-- WORK TO COMPLETE --
Please output exactly the lines from the one containing "23 Highland Meadows" through the end of the records below, leaving out any pictures.

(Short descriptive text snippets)
# # # # #

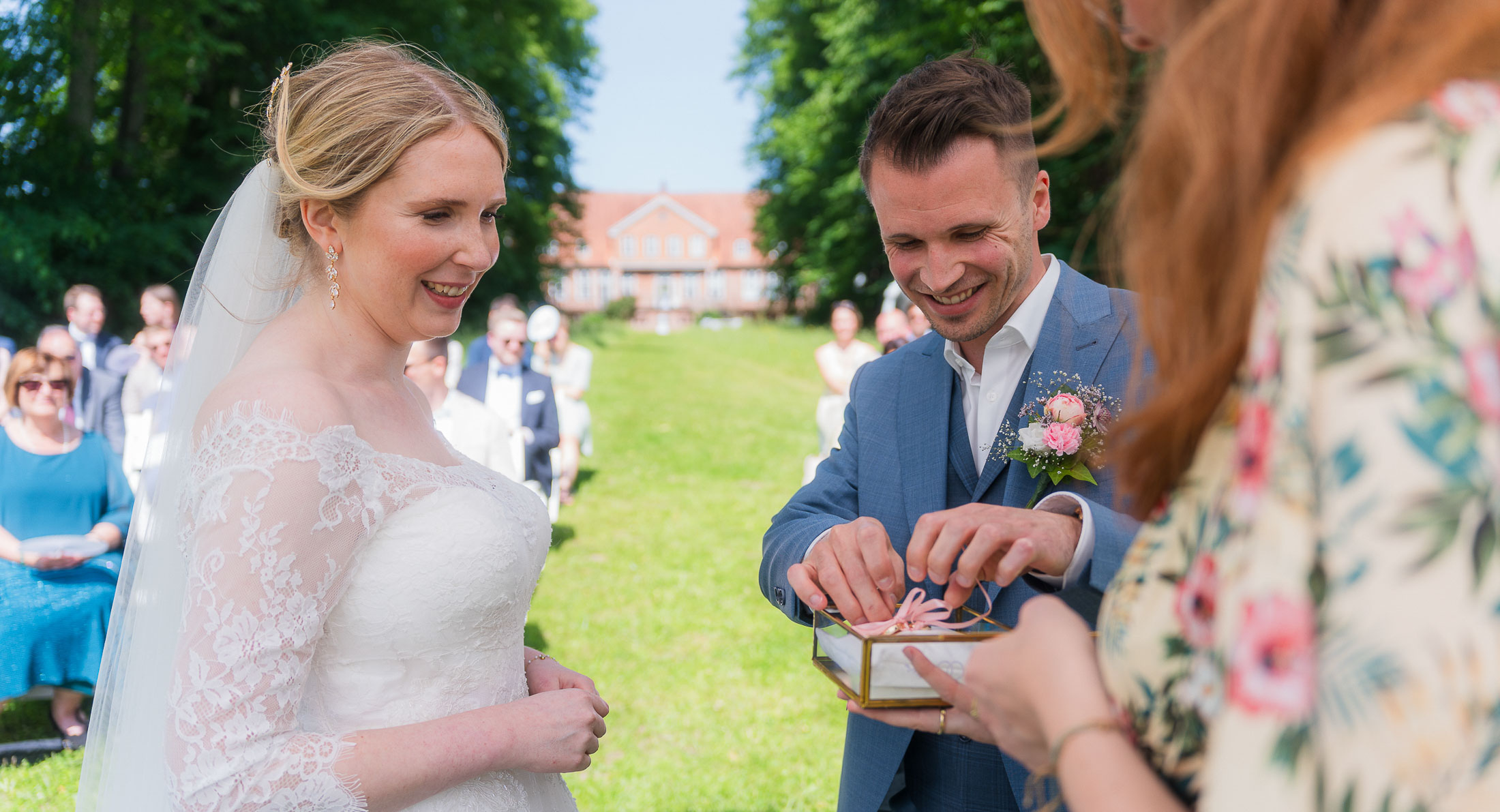 Hochzeitsfotograf Bad Segeberg Hochzeit Fotografin Anne Kraemer 77 &bull; Hochzeitsfotograf Bad Segeberg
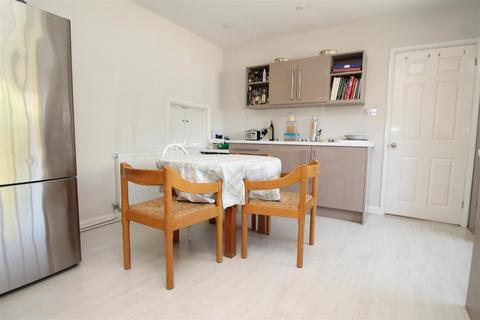 27 Daws Lea, High Wycombe, HP11 1QG
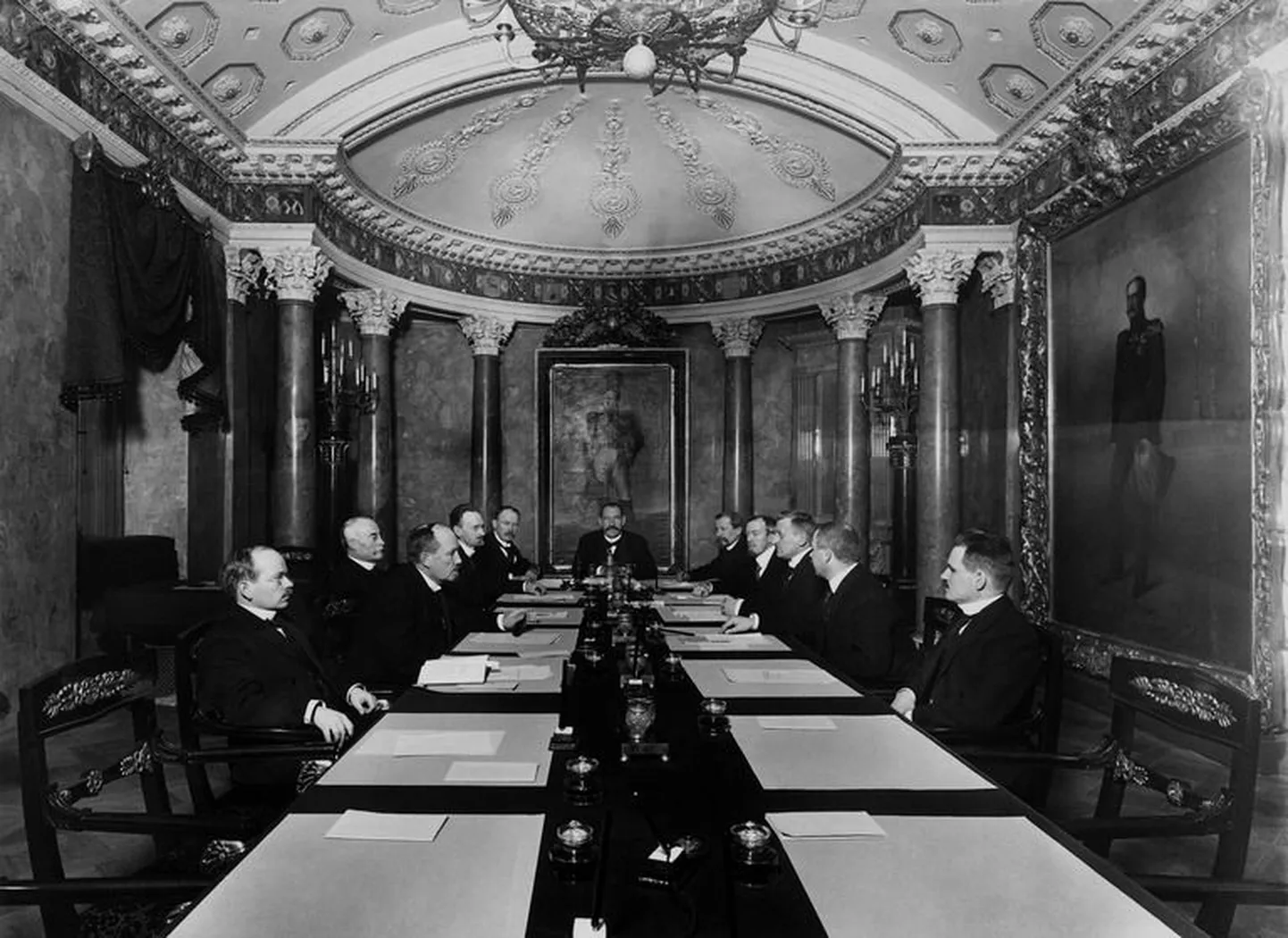 P. E. Svinhufvudi niinimetatud iseseisvusmanifesti istung 4. detsembril 1917. 
Vasakult: E. Y. Pehkonen, Juhani Arajärvi, Artur Castrén, E. N. Setälä, P. E. Svinhufvud laua otsas, Kyösti Kallio, Onni Talas, Heikki Renvall, Aleksander Frey ja O. W. Louhivuori.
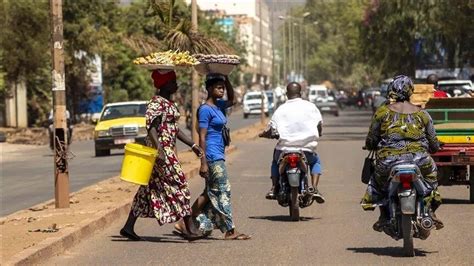 Mali Fin De La Transition La Classe Politique D Nonce Le Silence Des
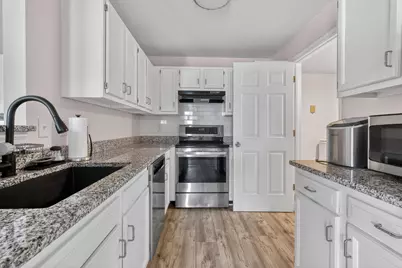 23 Highland Meadows Circle #8, Highland Heights, KY 41076 - Photo 8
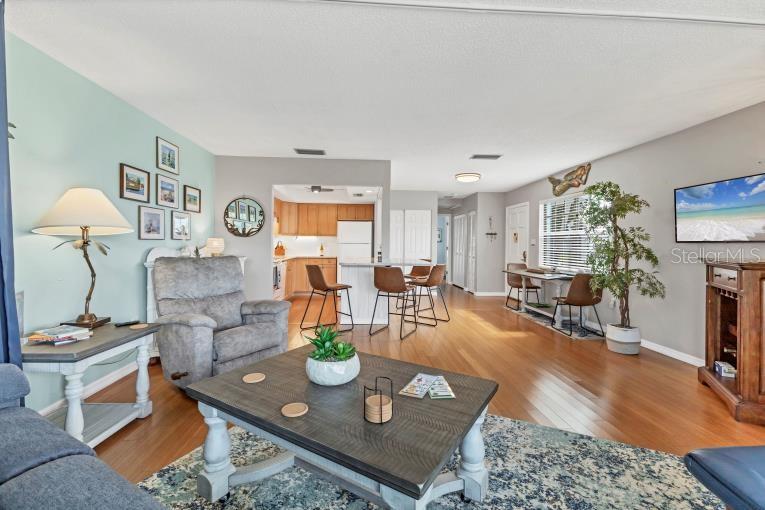 4418 MOUNT VERNON DR — photo 11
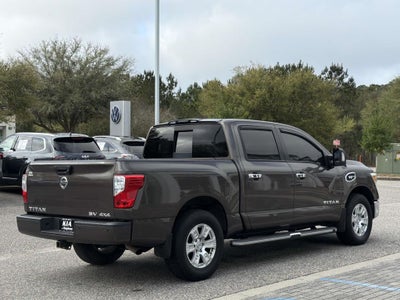2017 Nissan Titan SV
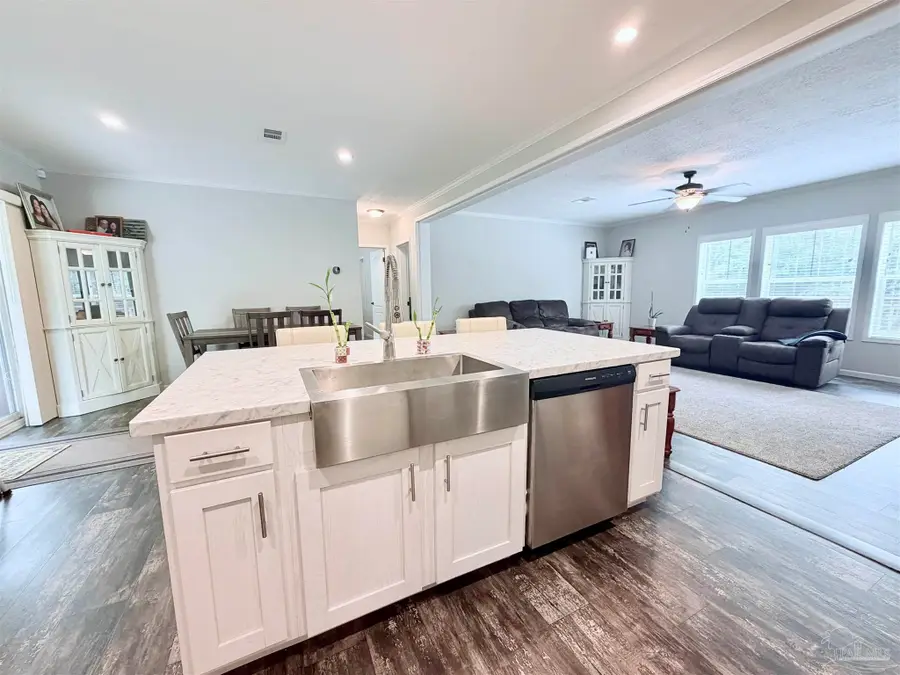 11431 Floridale Dr, Milton, FL 32583 - #3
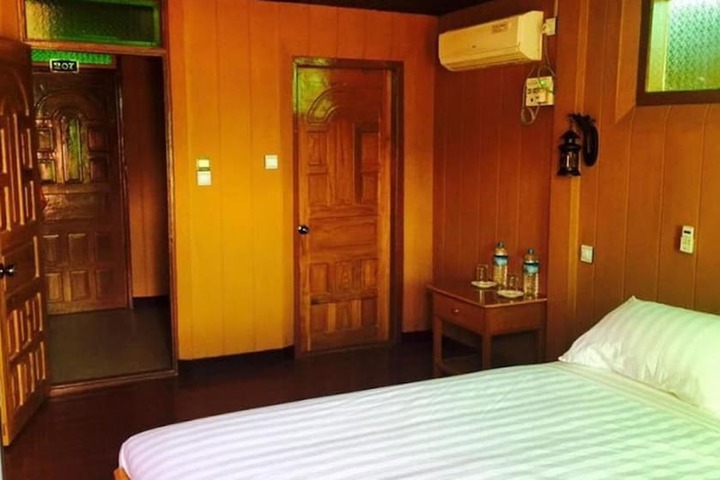 Room 8 of 16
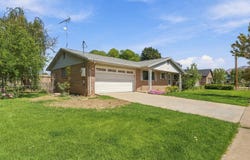 55 E CENTER St, Meadow, UT 84644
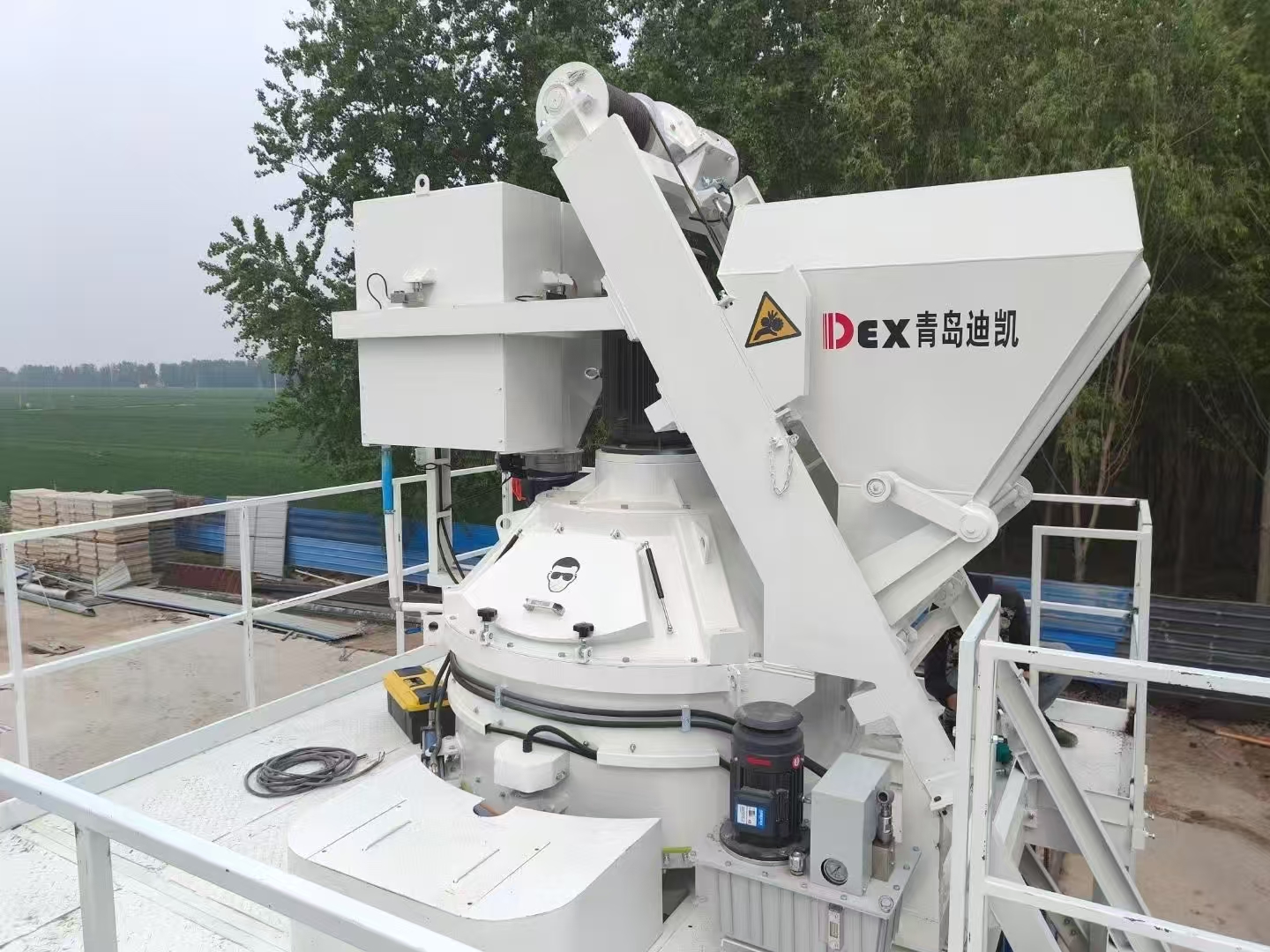 1761203374407490.jpg 1761203374407490.jpg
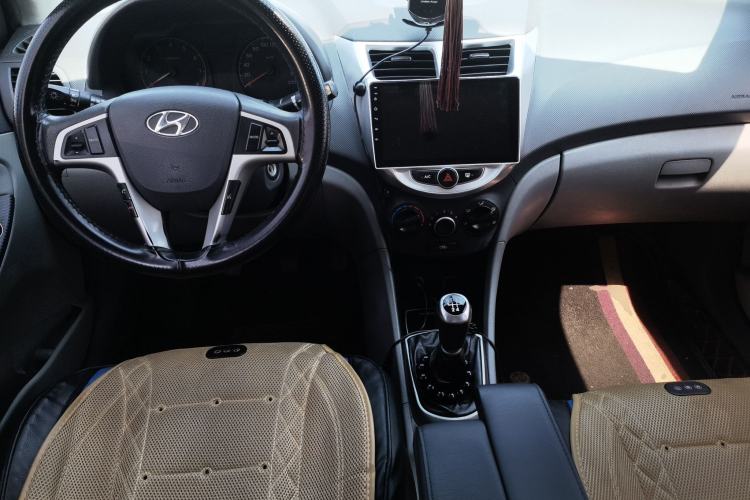 Used Hyundai Verna (older generation) 2014 1.4L Manual Smart GLS Trim Center Console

# # # # #

-- WRITTEN REPLY --
 23 Highland Meadows Circle #8, Highland Heights, KY 41076 - Photo 8
 4418 MOUNT VERNON DR — photo 11
2017 Nissan Titan SV
 11431 Floridale Dr, Milton, FL 32583 - #3
 Room 8 of 16
 55 E CENTER St, Meadow, UT 84644
 1761203374407490.jpg 1761203374407490.jpg
 Used Hyundai Verna (older generation) 2014 1.4L Manual Smart GLS Trim Center Console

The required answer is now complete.